## To do
Output the full set of records exactly.

## Study material

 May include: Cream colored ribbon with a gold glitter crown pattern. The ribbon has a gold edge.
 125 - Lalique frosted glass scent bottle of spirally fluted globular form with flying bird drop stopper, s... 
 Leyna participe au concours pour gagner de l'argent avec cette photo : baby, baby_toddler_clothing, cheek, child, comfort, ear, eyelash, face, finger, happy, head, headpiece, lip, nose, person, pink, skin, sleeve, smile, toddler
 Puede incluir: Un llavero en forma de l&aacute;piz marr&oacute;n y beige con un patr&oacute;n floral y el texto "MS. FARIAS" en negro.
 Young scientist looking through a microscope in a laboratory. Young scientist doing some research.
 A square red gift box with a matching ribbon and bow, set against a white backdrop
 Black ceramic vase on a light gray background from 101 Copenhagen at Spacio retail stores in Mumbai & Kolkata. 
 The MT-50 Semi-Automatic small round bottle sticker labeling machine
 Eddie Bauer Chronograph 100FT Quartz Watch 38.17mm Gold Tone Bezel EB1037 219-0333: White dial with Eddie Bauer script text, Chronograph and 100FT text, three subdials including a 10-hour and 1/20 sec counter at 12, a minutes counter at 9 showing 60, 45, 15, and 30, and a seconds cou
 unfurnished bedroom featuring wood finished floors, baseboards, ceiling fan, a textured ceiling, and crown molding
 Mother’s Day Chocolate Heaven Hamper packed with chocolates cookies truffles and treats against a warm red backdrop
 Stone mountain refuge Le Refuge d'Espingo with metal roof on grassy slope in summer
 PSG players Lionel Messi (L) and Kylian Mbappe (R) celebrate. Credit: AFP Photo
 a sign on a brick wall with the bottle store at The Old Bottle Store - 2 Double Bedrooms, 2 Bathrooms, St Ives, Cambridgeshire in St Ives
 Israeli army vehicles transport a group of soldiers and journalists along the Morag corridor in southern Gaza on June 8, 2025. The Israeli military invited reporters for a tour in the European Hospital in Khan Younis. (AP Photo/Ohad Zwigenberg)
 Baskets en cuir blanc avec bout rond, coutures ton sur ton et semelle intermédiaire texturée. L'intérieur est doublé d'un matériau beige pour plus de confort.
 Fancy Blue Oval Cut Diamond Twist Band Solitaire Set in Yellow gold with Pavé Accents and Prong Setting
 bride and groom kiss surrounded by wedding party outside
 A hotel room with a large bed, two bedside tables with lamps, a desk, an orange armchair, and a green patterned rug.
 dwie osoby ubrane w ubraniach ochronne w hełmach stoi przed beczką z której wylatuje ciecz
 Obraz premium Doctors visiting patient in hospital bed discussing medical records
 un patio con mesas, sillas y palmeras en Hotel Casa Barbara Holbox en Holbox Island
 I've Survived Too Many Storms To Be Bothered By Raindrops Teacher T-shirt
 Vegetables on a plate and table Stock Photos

## Output
 May include: Cream colored ribbon with a gold glitter crown pattern. The ribbon has a gold edge.
 125 - Lalique frosted glass scent bottle of spirally fluted globular form with flying bird drop stopper, s... 
 Leyna participe au concours pour gagner de l'argent avec cette photo : baby, baby_toddler_clothing, cheek, child, comfort, ear, eyelash, face, finger, happy, head, headpiece, lip, nose, person, pink, skin, sleeve, smile, toddler
 Puede incluir: Un llavero en forma de l&aacute;piz marr&oacute;n y beige con un patr&oacute;n floral y el texto "MS. FARIAS" en negro.
 Young scientist looking through a microscope in a laboratory. Young scientist doing some research.
 A square red gift box with a matching ribbon and bow, set against a white backdrop
 Black ceramic vase on a light gray background from 101 Copenhagen at Spacio retail stores in Mumbai & Kolkata. 
 The MT-50 Semi-Automatic small round bottle sticker labeling machine
 Eddie Bauer Chronograph 100FT Quartz Watch 38.17mm Gold Tone Bezel EB1037 219-0333: White dial with Eddie Bauer script text, Chronograph and 100FT text, three subdials including a 10-hour and 1/20 sec counter at 12, a minutes counter at 9 showing 60, 45, 15, and 30, and a seconds cou
 unfurnished bedroom featuring wood finished floors, baseboards, ceiling fan, a textured ceiling, and crown molding
 Mother’s Day Chocolate Heaven Hamper packed with chocolates cookies truffles and treats against a warm red backdrop
 Stone mountain refuge Le Refuge d'Espingo with metal roof on grassy slope in summer
 PSG players Lionel Messi (L) and Kylian Mbappe (R) celebrate. Credit: AFP Photo
 a sign on a brick wall with the bottle store at The Old Bottle Store - 2 Double Bedrooms, 2 Bathrooms, St Ives, Cambridgeshire in St Ives
 Israeli army vehicles transport a group of soldiers and journalists along the Morag corridor in southern Gaza on June 8, 2025. The Israeli military invited reporters for a tour in the European Hospital in Khan Younis. (AP Photo/Ohad Zwigenberg)
 Baskets en cuir blanc avec bout rond, coutures ton sur ton et semelle intermédiaire texturée. L'intérieur est doublé d'un matériau beige pour plus de confort.
 Fancy Blue Oval Cut Diamond Twist Band Solitaire Set in Yellow gold with Pavé Accents and Prong Setting
 bride and groom kiss surrounded by wedding party outside
 A hotel room with a large bed, two bedside tables with lamps, a desk, an orange armchair, and a green patterned rug.
 dwie osoby ubrane w ubraniach ochronne w hełmach stoi przed beczką z której wylatuje ciecz
 Obraz premium Doctors visiting patient in hospital bed discussing medical records
 un patio con mesas, sillas y palmeras en Hotel Casa Barbara Holbox en Holbox Island
 I've Survived Too Many Storms To Be Bothered By Raindrops Teacher T-shirt
 Vegetables on a plate and table Stock Photos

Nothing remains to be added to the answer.